She has been at our church her whole life. Her mom died more than a decade ago. She was married some 30 years ago. I joke that she should come by more often at less momentous occasions. She graces my poor humour with a half-second’s smile. 

My office is chock full of books. There are six comfortable chairs. A desk fit for an admiral or a petty dictator.

There is also a table with tissues.

Turns out people cry often when they meet with a pastor. At one point, I counted some eight or nine visitors in a row needed the tissue box. I don’t think it’s me personally . . . 

Of course, she apologizes for crying, both in person and afterwards via email. What is it in Anglo-Saxon cultures that we think tears blameworthy? It’s not just her. Most cry and then apologize. I often also joke they should come by sometime for no reason at all, just to chat. That way they, and I, won’t necessarily associate pastoral visits with tears.

One of our youths came into my office once. He looked at all the books, eyes and mouth wide open. “Have you read all of these?” “Some of them twice!” I answer—my typical sleight of hand. He shook his head slightly, backing away. I hurried after him: “but lots I haven’t. See? When I say ‘some of them twice,’ I’m omitting that fact.”

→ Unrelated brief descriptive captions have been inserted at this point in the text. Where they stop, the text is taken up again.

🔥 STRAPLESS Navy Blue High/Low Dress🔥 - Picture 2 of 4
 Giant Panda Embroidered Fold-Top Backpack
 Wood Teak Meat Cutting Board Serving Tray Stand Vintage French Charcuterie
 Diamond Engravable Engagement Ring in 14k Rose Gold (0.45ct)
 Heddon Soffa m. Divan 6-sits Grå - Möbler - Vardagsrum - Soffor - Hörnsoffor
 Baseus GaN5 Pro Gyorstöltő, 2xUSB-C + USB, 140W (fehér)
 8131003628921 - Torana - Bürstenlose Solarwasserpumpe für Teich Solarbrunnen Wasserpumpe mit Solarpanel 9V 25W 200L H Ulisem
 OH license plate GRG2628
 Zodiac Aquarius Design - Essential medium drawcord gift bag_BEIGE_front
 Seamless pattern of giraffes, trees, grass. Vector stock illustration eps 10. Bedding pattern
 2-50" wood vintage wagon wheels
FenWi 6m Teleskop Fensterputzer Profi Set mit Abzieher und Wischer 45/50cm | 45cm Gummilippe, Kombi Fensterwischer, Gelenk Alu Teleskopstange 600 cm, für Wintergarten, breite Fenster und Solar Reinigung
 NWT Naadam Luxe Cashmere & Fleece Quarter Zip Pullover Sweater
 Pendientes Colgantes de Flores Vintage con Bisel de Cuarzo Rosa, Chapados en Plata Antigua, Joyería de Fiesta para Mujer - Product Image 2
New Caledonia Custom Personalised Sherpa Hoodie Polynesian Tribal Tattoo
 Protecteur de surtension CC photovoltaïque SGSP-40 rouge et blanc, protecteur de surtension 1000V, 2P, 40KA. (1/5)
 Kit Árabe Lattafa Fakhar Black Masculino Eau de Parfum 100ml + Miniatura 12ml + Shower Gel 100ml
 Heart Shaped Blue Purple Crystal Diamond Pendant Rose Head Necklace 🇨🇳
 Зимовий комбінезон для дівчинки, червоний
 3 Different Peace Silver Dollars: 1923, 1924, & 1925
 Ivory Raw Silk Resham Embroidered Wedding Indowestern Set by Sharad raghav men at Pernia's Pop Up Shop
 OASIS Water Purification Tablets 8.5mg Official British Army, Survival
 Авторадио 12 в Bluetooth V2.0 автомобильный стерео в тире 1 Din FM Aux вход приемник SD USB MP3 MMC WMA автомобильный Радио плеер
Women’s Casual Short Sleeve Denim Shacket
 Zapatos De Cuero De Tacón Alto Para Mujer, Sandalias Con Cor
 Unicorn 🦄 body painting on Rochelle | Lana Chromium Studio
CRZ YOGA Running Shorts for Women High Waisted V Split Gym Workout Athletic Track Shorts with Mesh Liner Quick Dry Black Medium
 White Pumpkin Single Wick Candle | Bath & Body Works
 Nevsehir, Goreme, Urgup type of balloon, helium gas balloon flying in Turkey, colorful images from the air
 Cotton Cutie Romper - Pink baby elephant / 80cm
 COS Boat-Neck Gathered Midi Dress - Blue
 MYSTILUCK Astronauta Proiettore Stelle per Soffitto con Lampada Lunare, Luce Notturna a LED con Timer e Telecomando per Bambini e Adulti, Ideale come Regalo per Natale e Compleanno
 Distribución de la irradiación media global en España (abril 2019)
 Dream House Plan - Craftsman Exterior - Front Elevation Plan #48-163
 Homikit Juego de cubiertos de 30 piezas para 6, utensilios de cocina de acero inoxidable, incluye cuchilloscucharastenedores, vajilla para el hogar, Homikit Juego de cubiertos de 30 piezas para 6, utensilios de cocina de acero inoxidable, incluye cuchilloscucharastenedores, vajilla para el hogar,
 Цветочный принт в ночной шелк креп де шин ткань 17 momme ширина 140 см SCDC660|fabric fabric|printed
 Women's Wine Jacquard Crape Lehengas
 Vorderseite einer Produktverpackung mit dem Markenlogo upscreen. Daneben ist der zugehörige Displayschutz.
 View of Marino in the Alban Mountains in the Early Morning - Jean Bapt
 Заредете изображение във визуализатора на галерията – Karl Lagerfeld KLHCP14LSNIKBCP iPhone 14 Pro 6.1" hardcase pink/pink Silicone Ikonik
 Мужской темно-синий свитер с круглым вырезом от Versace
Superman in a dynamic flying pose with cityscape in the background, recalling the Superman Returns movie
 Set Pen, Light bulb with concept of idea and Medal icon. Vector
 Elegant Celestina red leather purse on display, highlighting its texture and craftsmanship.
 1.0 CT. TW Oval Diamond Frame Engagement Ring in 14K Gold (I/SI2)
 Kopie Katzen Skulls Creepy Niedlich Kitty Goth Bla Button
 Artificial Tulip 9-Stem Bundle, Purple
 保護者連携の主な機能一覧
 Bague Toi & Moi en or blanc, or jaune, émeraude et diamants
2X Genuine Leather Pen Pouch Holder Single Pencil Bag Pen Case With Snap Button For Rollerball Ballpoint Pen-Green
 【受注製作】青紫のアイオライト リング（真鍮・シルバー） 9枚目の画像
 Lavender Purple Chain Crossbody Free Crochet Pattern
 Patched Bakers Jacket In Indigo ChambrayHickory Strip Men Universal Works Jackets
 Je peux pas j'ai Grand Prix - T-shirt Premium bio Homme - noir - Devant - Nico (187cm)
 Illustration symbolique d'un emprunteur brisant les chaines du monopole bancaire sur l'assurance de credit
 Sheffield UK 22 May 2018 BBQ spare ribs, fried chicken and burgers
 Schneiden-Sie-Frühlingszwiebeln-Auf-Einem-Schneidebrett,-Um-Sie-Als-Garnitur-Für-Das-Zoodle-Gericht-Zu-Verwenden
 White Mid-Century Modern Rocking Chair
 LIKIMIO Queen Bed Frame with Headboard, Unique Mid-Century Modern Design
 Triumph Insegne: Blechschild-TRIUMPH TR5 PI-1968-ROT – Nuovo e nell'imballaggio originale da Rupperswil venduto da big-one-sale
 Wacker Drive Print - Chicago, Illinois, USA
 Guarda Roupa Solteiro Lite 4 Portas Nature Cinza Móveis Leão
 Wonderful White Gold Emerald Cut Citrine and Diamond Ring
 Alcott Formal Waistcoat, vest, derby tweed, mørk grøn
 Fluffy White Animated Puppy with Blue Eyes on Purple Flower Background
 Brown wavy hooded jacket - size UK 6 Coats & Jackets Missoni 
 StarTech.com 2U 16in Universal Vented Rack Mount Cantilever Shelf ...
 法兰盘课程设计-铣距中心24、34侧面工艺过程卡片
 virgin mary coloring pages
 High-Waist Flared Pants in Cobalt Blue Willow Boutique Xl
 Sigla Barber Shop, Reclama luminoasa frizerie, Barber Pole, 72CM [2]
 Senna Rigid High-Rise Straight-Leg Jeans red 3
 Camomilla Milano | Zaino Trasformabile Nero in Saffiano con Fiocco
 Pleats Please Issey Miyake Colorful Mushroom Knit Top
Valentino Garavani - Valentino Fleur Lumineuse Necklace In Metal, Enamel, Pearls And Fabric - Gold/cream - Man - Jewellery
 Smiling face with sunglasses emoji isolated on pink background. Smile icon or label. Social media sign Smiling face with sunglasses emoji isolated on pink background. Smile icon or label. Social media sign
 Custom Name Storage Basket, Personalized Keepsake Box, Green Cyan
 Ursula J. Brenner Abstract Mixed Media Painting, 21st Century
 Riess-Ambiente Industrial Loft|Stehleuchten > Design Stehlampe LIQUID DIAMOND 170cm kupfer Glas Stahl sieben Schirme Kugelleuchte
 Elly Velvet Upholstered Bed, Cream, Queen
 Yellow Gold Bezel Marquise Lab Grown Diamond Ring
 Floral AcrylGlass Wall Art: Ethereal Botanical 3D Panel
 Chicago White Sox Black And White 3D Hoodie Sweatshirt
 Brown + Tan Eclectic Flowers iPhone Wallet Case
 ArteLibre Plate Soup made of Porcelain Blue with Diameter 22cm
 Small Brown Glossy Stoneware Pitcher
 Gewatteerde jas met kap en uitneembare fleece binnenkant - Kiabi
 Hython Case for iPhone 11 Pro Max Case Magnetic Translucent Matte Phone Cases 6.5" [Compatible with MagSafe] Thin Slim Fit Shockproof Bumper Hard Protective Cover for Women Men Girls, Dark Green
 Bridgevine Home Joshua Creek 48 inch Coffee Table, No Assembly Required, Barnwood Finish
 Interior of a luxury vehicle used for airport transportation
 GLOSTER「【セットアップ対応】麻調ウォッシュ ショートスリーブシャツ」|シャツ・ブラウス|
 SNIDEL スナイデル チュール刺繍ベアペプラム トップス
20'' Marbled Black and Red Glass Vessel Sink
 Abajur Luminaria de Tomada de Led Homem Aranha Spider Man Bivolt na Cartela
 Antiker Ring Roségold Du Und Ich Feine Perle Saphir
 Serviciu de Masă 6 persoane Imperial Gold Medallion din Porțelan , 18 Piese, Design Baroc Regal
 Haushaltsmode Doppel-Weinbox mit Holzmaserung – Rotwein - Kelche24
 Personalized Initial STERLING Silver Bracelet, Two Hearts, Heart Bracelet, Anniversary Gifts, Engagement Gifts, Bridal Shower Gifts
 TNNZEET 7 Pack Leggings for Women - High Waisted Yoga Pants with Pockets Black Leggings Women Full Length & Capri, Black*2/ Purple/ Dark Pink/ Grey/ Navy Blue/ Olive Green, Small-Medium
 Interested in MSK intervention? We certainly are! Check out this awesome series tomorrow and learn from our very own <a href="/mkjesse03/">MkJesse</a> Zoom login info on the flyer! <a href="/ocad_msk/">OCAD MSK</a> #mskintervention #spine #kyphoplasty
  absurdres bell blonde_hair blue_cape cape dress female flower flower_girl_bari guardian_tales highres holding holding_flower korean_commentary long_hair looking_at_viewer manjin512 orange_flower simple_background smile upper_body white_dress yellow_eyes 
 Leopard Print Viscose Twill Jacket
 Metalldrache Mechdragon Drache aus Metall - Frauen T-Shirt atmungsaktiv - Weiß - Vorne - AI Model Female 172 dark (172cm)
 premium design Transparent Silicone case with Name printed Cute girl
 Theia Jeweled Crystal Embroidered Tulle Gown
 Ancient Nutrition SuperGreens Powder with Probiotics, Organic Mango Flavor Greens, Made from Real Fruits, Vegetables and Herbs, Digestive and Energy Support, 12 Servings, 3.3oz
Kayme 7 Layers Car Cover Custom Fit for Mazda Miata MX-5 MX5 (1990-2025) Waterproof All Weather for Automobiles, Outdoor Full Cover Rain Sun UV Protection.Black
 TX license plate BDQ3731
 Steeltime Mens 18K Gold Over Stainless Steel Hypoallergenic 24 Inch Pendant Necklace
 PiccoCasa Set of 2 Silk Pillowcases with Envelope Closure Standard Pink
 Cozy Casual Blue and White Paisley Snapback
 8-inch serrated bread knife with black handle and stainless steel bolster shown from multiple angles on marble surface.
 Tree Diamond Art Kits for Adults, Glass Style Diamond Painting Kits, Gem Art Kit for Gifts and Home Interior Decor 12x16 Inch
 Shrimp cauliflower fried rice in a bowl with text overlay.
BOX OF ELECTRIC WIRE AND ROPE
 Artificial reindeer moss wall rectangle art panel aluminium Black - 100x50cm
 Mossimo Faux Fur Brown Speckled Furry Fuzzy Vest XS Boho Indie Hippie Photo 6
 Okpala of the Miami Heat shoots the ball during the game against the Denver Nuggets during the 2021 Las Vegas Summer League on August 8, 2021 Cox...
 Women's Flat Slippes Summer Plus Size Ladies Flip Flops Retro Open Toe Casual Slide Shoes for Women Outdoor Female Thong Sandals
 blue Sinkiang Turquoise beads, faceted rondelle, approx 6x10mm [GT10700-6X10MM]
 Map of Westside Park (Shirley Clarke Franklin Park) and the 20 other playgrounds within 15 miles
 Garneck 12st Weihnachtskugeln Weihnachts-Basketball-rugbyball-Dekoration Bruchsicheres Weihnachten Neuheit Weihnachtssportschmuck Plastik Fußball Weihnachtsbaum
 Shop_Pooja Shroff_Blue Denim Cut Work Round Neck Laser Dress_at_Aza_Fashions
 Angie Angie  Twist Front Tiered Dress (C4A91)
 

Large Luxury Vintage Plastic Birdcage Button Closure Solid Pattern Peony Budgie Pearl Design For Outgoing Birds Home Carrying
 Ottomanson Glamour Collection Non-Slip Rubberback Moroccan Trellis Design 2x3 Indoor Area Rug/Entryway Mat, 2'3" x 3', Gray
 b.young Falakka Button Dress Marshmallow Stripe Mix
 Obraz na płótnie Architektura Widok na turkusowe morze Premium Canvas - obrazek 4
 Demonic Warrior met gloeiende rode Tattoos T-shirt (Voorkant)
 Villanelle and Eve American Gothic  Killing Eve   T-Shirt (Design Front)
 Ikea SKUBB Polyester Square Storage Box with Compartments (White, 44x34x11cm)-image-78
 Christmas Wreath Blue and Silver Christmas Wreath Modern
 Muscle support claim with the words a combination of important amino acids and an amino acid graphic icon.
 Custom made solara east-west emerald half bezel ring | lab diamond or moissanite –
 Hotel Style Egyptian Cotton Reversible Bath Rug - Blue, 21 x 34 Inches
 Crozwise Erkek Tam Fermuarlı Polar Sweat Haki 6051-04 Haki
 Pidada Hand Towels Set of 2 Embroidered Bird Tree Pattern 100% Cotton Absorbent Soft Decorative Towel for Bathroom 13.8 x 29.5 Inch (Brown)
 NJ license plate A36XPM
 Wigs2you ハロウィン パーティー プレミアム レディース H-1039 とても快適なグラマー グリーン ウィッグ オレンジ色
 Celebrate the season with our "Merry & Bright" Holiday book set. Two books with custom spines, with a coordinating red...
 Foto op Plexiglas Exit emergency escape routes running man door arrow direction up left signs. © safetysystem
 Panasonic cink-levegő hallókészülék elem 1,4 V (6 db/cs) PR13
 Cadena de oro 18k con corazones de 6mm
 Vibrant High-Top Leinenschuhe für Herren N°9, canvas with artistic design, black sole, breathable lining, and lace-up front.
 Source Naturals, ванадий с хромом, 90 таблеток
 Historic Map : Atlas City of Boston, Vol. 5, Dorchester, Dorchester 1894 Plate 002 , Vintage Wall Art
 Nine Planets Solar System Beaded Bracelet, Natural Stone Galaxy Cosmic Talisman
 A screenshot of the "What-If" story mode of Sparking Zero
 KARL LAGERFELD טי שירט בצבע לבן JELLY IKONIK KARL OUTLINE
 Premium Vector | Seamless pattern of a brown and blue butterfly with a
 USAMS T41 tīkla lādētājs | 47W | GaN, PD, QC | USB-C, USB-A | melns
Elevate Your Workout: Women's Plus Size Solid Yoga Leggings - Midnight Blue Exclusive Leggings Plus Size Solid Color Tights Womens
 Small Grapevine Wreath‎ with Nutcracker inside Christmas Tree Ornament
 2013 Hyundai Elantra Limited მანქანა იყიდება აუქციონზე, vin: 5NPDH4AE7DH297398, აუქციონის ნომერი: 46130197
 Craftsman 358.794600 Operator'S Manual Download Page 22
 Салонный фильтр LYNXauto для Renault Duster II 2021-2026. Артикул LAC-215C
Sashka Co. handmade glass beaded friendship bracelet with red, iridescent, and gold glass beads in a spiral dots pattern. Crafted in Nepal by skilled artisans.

Eugene Peterson writes somewhere that we should call it a pastor’s “study,” not “office.” The latter suggests we’re bureaucrats, functionaries, civil servants. The former says we’re students, disciples. Hence all the books (some read twice!). Even those who cry, who aren’t looking for a library, appreciate that we’ve studied. We have some wisdom to offer that’s older than ourselves, greater than our own mental resources.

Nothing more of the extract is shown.